Le maître des lieux, Benjamin Grandsart, n’en manque pas une miette. C’est lui qui vinifie, assisté d’un salarié. En 2015, il a fait installer une passerelle au-dessus de deux cuves. Un équipement sécurisé qu’il devra prolonger car une troisième cuve est venue compléter la rangée. « On le fera cette année ou l’année prochaine », précise le viticulteur. Sans ambages, il avoue avoir chuté d’une échelle alors qu’il nettoyait une cuve au Kärcher. « L’échelle était mal positionnée. C’était à mes débuts. » Bilan : une entorse à la cheville et un poignet cassé.
Le vigneron suit également de près le dernier atelier où il apprendra comment s’assurer sur son autre plate-forme, faite maison et dépourvue de garde-corps. C’est le consultant Bruno Barbet qui se charge de présenter le travail en harnais. Au préalable, il a fixé des accroches dans la charpente pour installer une ligne de vie au-dessus de l’alignement de cuves, à la manière d’un accrobranche. Après avoir enfilé son harnais, il s’y accroche à l’aide d’un mousqueton. Ainsi, « en cas de chute, on ne tombe pas au sol », explique le consultant. De la même manière, on peut se sécuriser sur une échelle. « J’interviens quand il n’y a pas d’autres possibilités, indique le consultant. Mais l’idéal reste la plateforme sécurisée. »

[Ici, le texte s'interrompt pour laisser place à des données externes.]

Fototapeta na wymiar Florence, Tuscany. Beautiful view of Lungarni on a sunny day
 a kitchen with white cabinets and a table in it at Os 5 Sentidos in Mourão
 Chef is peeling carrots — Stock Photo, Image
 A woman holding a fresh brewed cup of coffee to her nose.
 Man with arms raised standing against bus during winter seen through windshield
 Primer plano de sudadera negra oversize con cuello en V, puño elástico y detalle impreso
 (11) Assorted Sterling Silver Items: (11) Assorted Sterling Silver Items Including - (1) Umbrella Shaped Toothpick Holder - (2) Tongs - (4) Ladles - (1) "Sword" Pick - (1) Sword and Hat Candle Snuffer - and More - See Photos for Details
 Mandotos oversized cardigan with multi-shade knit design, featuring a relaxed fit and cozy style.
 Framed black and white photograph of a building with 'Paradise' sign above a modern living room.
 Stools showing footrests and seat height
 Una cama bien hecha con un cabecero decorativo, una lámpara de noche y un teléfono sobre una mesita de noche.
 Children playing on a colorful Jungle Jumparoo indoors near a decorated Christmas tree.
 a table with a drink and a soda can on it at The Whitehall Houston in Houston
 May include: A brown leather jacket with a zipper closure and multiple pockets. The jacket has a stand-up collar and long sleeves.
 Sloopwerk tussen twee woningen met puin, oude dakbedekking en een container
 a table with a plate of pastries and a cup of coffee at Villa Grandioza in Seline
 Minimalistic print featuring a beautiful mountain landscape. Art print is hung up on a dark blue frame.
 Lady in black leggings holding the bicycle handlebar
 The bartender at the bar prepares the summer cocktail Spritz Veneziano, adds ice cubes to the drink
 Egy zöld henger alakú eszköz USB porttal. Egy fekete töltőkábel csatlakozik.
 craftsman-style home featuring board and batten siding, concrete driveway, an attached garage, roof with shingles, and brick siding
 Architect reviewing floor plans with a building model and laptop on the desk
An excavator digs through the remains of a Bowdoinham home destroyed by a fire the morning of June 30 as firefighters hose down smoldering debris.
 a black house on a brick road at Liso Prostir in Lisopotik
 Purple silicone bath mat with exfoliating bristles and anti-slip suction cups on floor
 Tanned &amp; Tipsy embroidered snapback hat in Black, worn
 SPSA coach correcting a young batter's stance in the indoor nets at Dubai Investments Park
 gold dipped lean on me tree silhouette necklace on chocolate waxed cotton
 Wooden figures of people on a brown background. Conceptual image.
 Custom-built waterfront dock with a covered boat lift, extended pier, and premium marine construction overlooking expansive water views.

« En agriculture, les chutes en hauteur représentent 10 % des accidents du travail. C’est la troisième cause d’accidents mortels », indique Hélène Charron, de la MSA du Poitou, en introduction de l’après-midi de ce 9 mars. Et Christelle Guillet, sa collègue du Maine-et-Loire, de renchérir : « Sur 143 accidents du travail enregistrés sur une année en viticulture en Maine-et-Loire, 30 étaient des chutes. Une partie survenue lors de montée ou descente d’engins et une autre dans les chais, en particulier avec des échelles qui glissent. »
« En termes réglementaires, l’employeur doit tout mettre en œuvre pour assurer la sécurité de ses salariés. Ces derniers ont aussi l’obligation de respecter les règles, à condition qu’ils soient formés », rappelle Hélène Charron.